Skip to content

ADR-021 — ADK Second Audit: Runner API, Concurrency Fixes, and Feature Gaps

Status: Accepted
Date: 2026-05-01
Supersedes: ADR-020 (extends, does not replace)

Note: Files referenced in this ADR have moved: tools/pitwall_bridge.py → src/pitwall/main.py; tools/adk_agents.py → src/pitwall/features/coaching/adk_agents.py.


Context

After ADR-020 shipped (7 structural fixes), a second audit of the implementation identified four new bugs and catalogued ADK features not yet used. The audit ran against adk_agents.py (post-020 rewrite), adk_tools.py, and pitwall_bridge.py.


Bugs found and fixed in this ADR

Bug 1 — BaseAgent has no .run() method (HIGH)

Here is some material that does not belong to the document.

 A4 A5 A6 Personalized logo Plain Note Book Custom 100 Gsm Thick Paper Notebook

File: pitwall_bridge.py (3 call sites)
Problem: All three ADK call sites did _adk_orchestrator.run(prompt). PitwallOrchestrator extends BaseAgent, which does NOT expose a .run() convenience method — that shortcut exists only on LlmAgent. Every ADK call would have raised AttributeError at runtime.
Fix: Added Runner + InMemorySessionService + run_adk() helper in adk_agents.py. Bridge now calls _run_adk(prompt) — a sync wrapper around asyncio.run(_run_adk_async(...)).

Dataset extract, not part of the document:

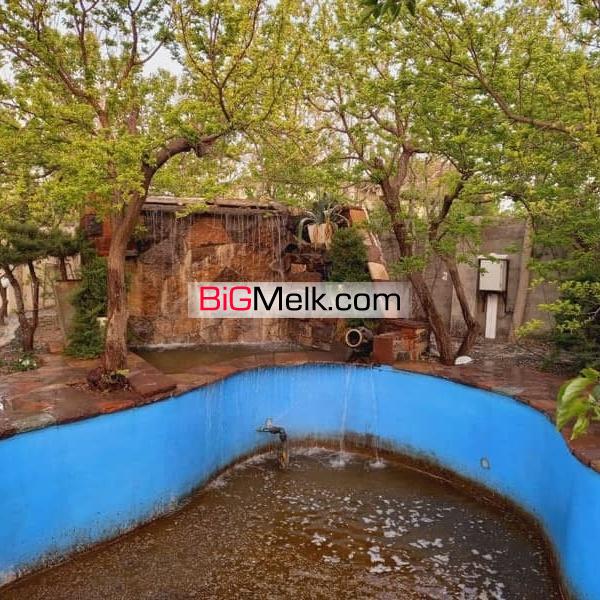 2351متر باغ ویلا در شهریار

# adk_agents.py — new canonical invocation
_session_service = InMemorySessionService()
_runner = Runner(agent=coach_orchestrator, app_name="pitwall",
                 session_service=_session_service)

async def _run_adk_async(prompt: str, user_id: str) -> str:
    session = await _session_service.create_session(app_name="pitwall", user_id=user_id)
    final_text = ""
    async for event in _runner.run_async(
        user_id=user_id, session_id=session.id,
        new_message=Content(parts=[Part(text=prompt)]),
    ):
        if event.is_final_response() and event.content:
            final_text = event.content.parts[0].text or final_text
    return final_text

def run_adk(prompt: str, user_id: str = "driver") -> str:
    return asyncio.run(_run_adk_async(prompt, user_id))

Bug 2 — save_voice_scripts TOCTOU race condition (HIGH)

File: adk_tools.py
Problem: Read-then-write pattern without locking. Two concurrent VoiceScriptAgent calls for the same corner would race: one thread's writes could be silently overwritten by the other.
Fix: fcntl.flock(LOCK_EX) + atomic os.replace(tmp, path) pattern.

Bug 3 — Shared narrative_agent across two pipelines (MEDIUM)

File: adk_agents.py
Problem: debrief_pipeline and brief_pipeline both used the same narrative_agent instance. ADK agents may track parent context internally; sharing across pipelines risks state bleed if requests overlap.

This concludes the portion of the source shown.